- Task to carry out:
What is needed here is an exact printout of the data, with no pictures included.

-- Input data follows --

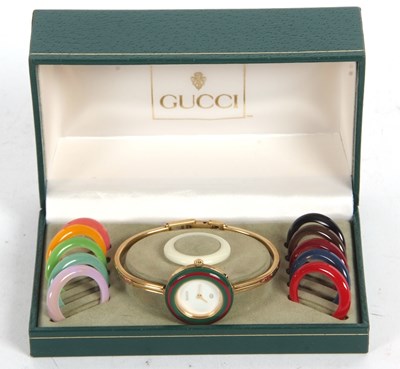 Lot 243 - A Gucci 11/12 ladies wristwatch, Quartz...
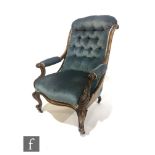 A Victorian carved walnut scroll buttoned back easy elbow chair, on carved cabriole legs,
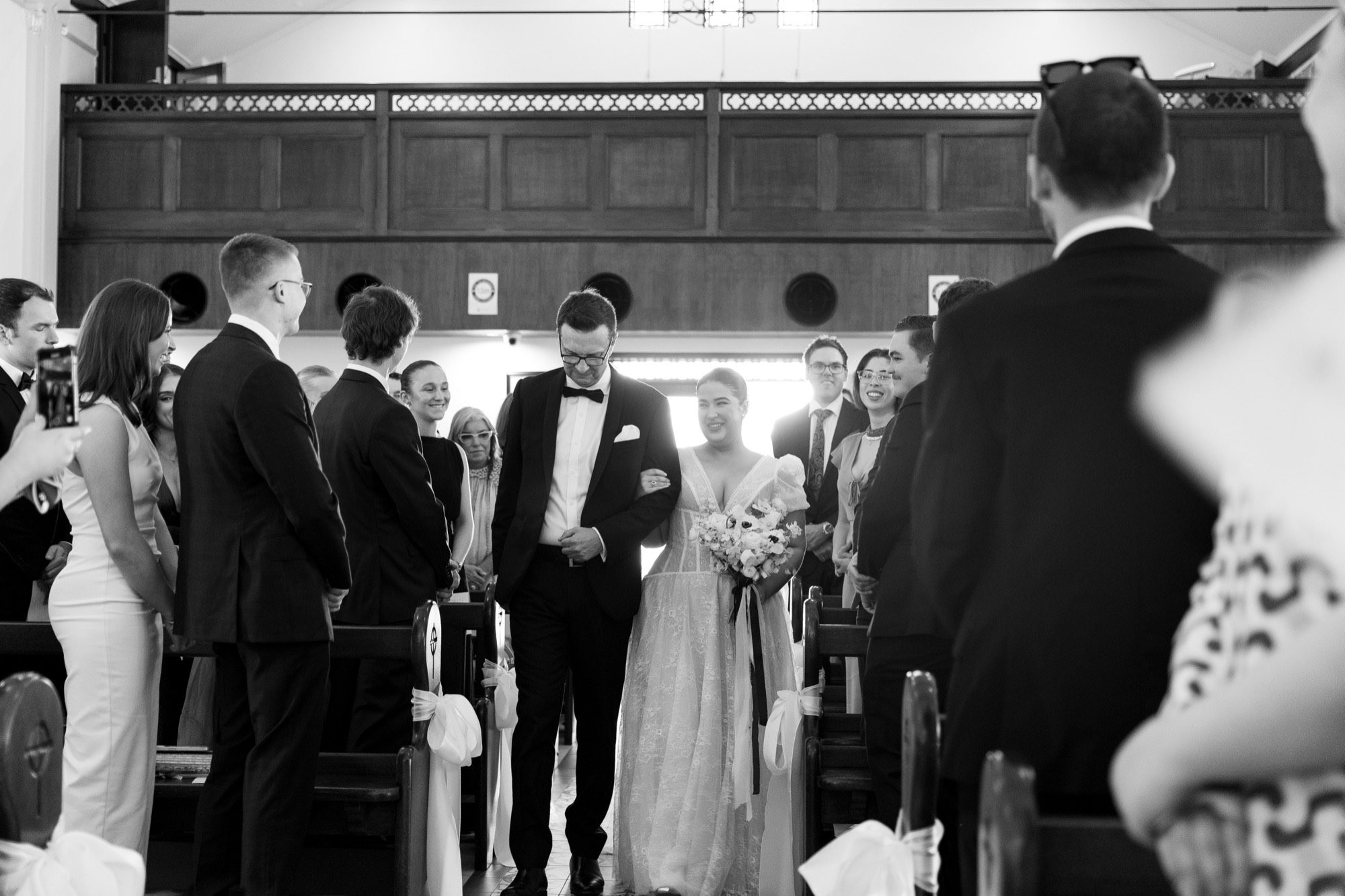 The bride walking the aisle on her father's arm, St Luke's Church, Woolloongabba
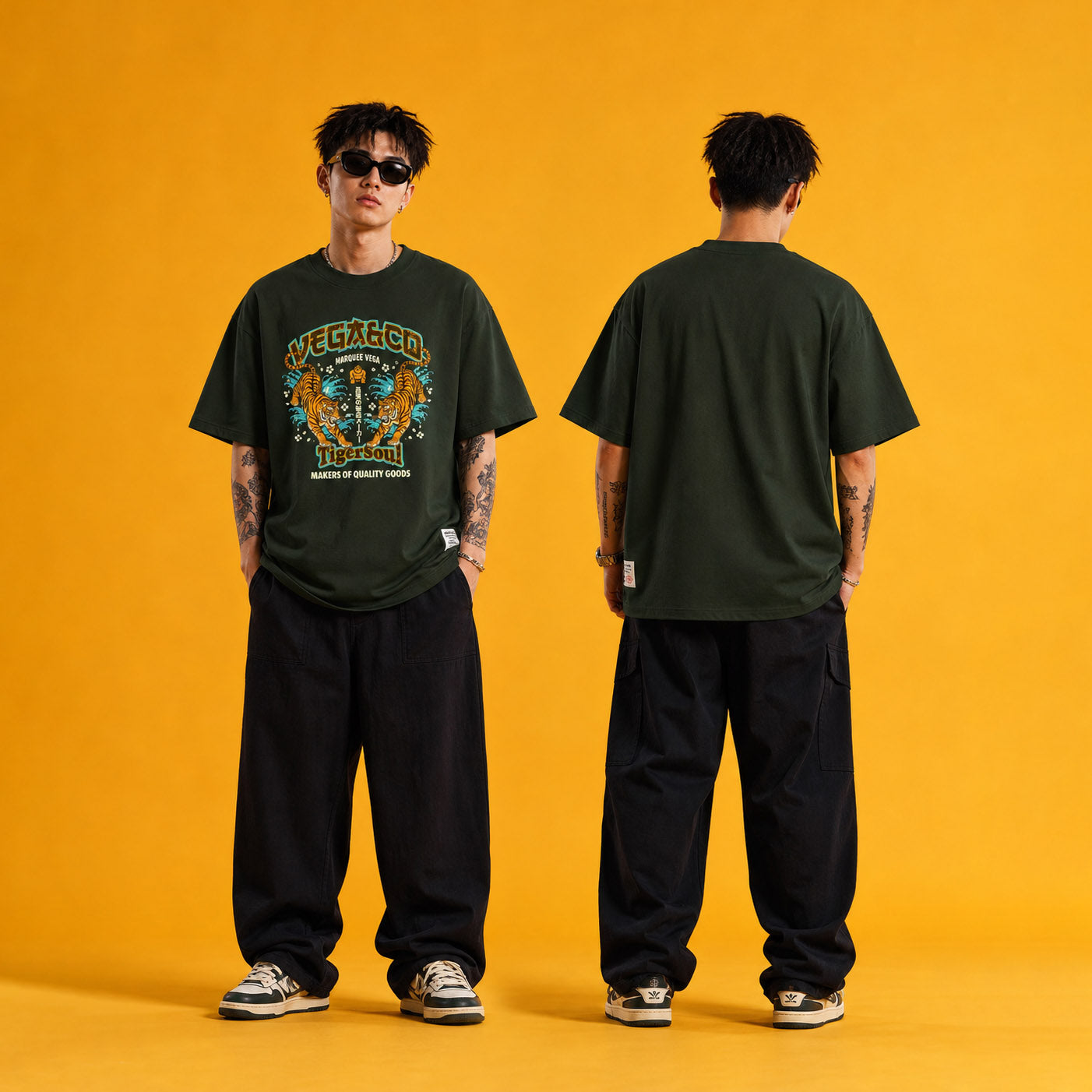Male model wearing the Vega Tiger Soul heavyweight loose fit graphic tee in Racing Green, shown front and back.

-- Input data concluded --

- Response to this task:
 Lot 243 - A Gucci 11/12 ladies wristwatch, Quartz...
 A Victorian carved walnut scroll buttoned back easy elbow chair, on carved cabriole legs,
 The bride walking the aisle on her father's arm, St Luke's Church, Woolloongabba
Male model wearing the Vega Tiger Soul heavyweight loose fit graphic tee in Racing Green, shown front and back.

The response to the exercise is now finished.